Would you please copy each line of the data in which the string "Property" occurs?

» Stored data entries
-*-

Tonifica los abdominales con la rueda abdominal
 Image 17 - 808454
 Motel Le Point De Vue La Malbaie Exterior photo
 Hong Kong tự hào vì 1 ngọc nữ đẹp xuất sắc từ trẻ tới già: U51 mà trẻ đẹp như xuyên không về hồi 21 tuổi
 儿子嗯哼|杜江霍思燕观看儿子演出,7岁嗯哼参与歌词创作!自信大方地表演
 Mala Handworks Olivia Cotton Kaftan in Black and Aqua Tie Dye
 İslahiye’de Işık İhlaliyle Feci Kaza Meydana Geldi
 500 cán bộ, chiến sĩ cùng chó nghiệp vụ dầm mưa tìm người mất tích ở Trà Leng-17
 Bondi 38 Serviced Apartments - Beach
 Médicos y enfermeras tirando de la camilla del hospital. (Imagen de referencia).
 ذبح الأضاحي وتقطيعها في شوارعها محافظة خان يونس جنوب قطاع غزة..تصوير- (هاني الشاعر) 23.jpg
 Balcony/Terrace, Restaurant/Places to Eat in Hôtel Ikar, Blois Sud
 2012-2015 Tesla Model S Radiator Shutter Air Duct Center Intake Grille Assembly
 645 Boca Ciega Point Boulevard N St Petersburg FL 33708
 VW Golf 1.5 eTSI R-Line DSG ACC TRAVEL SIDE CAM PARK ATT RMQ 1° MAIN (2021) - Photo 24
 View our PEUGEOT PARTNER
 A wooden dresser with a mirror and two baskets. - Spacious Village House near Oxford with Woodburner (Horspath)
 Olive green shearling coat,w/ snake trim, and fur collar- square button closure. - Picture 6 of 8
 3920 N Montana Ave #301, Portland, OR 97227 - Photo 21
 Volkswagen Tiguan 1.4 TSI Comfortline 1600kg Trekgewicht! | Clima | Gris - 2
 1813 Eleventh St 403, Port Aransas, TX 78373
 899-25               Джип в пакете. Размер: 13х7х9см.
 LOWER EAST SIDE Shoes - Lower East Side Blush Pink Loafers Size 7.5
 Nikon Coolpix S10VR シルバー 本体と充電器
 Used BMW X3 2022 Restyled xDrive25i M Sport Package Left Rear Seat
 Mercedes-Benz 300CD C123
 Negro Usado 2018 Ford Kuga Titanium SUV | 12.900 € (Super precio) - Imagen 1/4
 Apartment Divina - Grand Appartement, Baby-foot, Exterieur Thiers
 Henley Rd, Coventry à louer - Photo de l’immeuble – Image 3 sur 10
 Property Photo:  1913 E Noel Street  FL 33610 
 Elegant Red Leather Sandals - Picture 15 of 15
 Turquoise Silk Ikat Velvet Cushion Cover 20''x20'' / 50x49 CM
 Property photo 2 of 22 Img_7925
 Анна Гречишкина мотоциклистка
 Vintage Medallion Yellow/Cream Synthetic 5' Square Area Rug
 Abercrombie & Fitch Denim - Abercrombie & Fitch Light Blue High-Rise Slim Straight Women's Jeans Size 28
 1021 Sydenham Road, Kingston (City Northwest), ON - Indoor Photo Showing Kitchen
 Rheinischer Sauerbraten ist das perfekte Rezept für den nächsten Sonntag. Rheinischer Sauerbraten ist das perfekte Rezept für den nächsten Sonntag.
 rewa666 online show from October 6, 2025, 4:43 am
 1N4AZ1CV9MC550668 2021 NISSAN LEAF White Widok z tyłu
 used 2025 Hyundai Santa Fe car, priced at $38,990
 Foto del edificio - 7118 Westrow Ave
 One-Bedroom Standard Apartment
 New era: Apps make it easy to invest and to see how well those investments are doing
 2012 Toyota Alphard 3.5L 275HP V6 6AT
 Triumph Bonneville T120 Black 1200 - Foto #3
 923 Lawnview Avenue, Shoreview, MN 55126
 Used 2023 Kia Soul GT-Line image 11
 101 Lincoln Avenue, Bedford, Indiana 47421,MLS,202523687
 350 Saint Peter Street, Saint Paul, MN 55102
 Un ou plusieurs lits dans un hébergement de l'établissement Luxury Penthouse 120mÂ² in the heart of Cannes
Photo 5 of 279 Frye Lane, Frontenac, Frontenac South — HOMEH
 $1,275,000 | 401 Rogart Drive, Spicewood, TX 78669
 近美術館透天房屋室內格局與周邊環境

-*-

» Answer to the problem
 Property Photo:  1913 E Noel Street  FL 33610 
 Property photo 2 of 22 Img_7925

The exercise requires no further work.